[Input data]

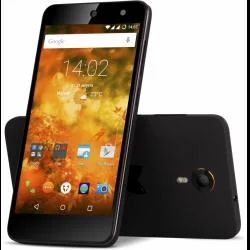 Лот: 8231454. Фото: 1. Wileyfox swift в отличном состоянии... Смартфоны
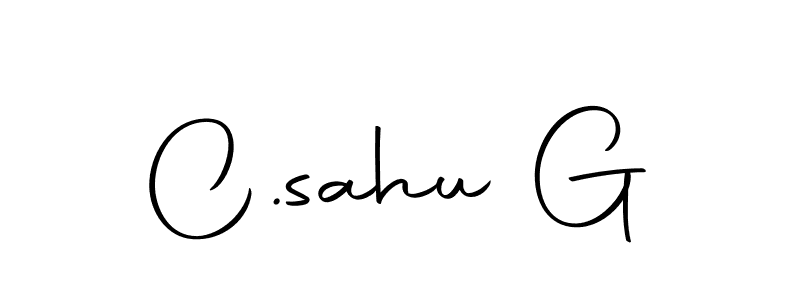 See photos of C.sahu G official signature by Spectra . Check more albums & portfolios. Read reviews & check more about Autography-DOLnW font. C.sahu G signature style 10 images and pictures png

[/Input data]
[Input data]

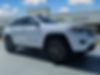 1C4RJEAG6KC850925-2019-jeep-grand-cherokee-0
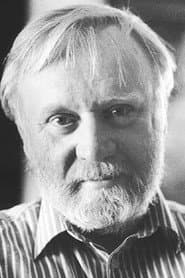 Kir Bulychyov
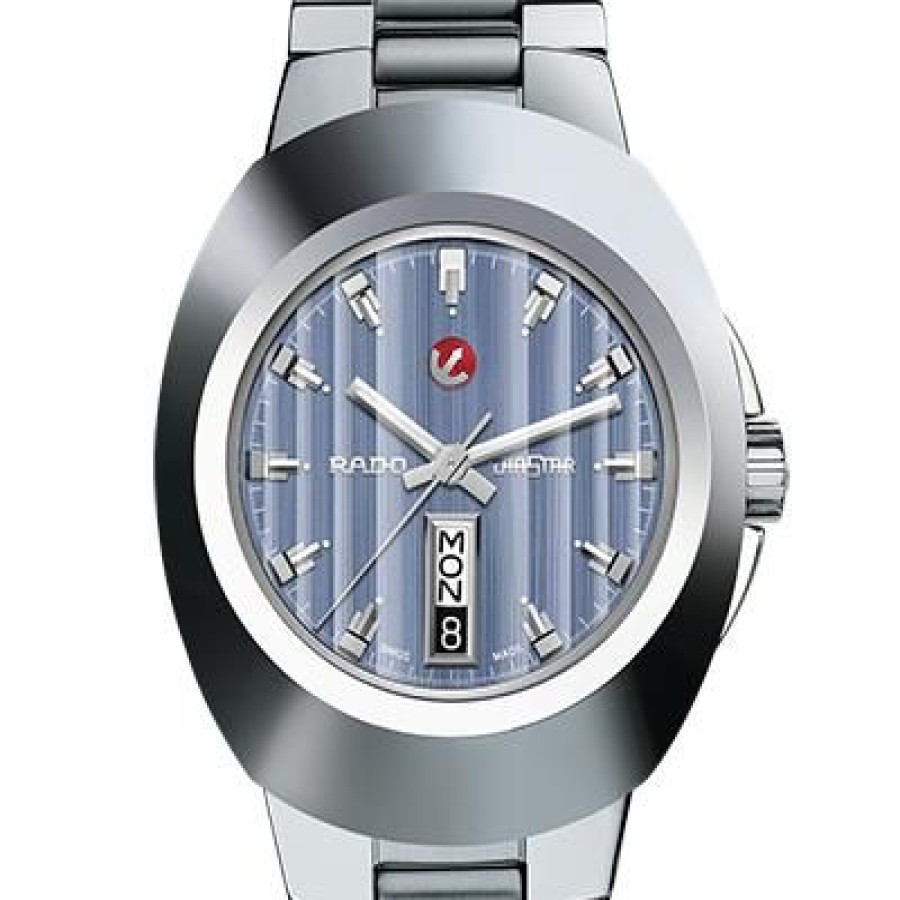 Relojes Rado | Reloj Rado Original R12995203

[/Input data]

*Your instructions*
Exactly the lines starting at the one above with "Kir Bulychyov" and ending at the one with "Relojes Rado | Reloj Rado Original R12995203" should be printed, and nothing else. Omit the pictures.

*Exercise answer*
 Kir Bulychyov
 Relojes Rado | Reloj Rado Original R12995203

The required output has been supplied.